La triade abuso emotivo-freezing-anoressia è molto frequente e rimanda ad esperienze traumatiche precoci, correlate a stili comunicativi patologici delle figure parentali. In particolare, l’alternanza fra manipolazione psicologica e neglect attuata durante l’infanzia produce effetti devastanti sull’alimentazione e sul corpo delle bambine.
Caratteristiche dell’abuso emotivo
L’abuso emotivo, secondo la National Association of Adult Survivors of Child Abuse, è una delle forme di “abuso all’infanzia” (Montecchi, 1998). Essa prevede l’utilizzo sistematico di comportamenti in grado di dominare la sfera affettiva e di influire negativamente sulle emozioni e sull’autostima, privando il bambino delle cure e della protezione di cui necessita. I genitori, anziché offrire vicinanza ed empatia, negano i bisogni affettivi e costantemente invadono gli spazi psicologici e fisici del figlio. Si può parlare di “traumi nascosti” (Lyons-Ruth et al., 1999) qualora si creino condizioni invisibili di trascuratezza rispetto ai bisogni fondamentali del bambino di sicurezza, di riconoscimento, accompagnate da disregolazione comunicativa da parte delle figure parentali.
I danni allo sviluppo cognitivo ed affettivo sono, purtroppo, sottostimati, in quanto la prevaricazione psicologica è comunemente considerata molto meno grave rispetto alla violenza fisica.
L’abuso emotivo avviene prevalentemente attraverso accuse, insulti e critiche, minacce, svalutazione e manipolazione e mediante forme di trascuratezza nei confronti dei bisogni psicologici, accompagnate da rifiuto dichiarato e da isolamento fisico del bambino, soprattutto in caso di disobbedienza (neglect).
A questo proposito, la Psicoanalista J. G. Goldberg, nella sua opera The dark side of love (1993), ha analizzato le tendenze autoaggressive precoci, in particolare nella bambina, come una forma di reazione alla manipolazione psicologica messa in atto sistematicamente da parte di uno o di entrambi i genitori, mediante stili di comunicazione patologici.

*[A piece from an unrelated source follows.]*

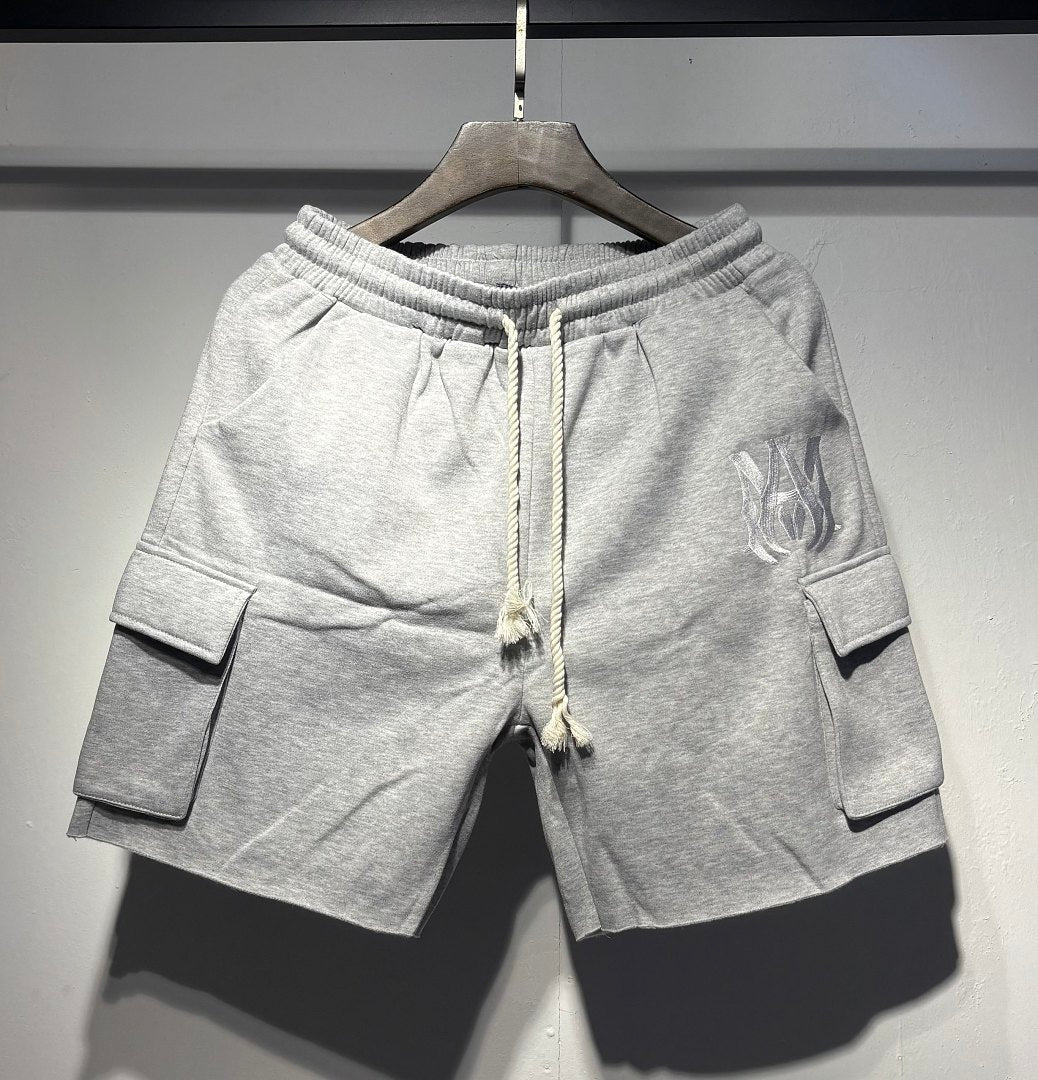 AMIRI AM LOGO Short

L’azione manipolativa è esercitata in tre tempi, secondo un modello di comportamento ripetitivo e continuativo. In un primo momento viene intenzionalmente provocata rabbia attraverso la continua frustrazione delle richieste di ascolto; in un secondo momento viene bloccata l’espressione della ostilità, determinata dalla frustrazione, attraverso il linguaggio verbale oppure attraverso il linguaggio non verbale (sguardi, espressioni del viso, pianto), paralizzando qualsiasi forma di protesta emotiva, con la conseguenza di favorire, in un terzo momento, il progressivo spostamento dell’ira, indirizzata originariamente al genitore o ai genitori maltrattanti, sul corpo.

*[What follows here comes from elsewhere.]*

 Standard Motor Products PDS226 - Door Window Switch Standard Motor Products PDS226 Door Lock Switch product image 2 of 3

La “invalidazione emotiva” è, quindi, il vero focus del problema (Waller, 2007): chi subisce abuso emotivo percepisce la condizione psicologica personale minimizzata o trattata con indifferenza e, pertanto, si abitua a percepire sempre meno i propri bisogni fisici e a considerare il corpo come luogo scenico di rappresentazione dell’abuso emotivo, mediante la diafanizzazione anoressica come strategia per la sopravvivenza.
Secondo J. G. Allen (2008),
la fin troppo comune copresenza di abuso e di trascuratezza (indisponibilità psicologica) è traumatizzante perché lascia il bambino emotivamente solo con stati emotivi insopportabili che egli non è in grado di regolare.
Abuso emotivo e trauma
L. Terr divide le esperienze traumatiche in Tipo I e Tipo II e Tipo Misto I e II.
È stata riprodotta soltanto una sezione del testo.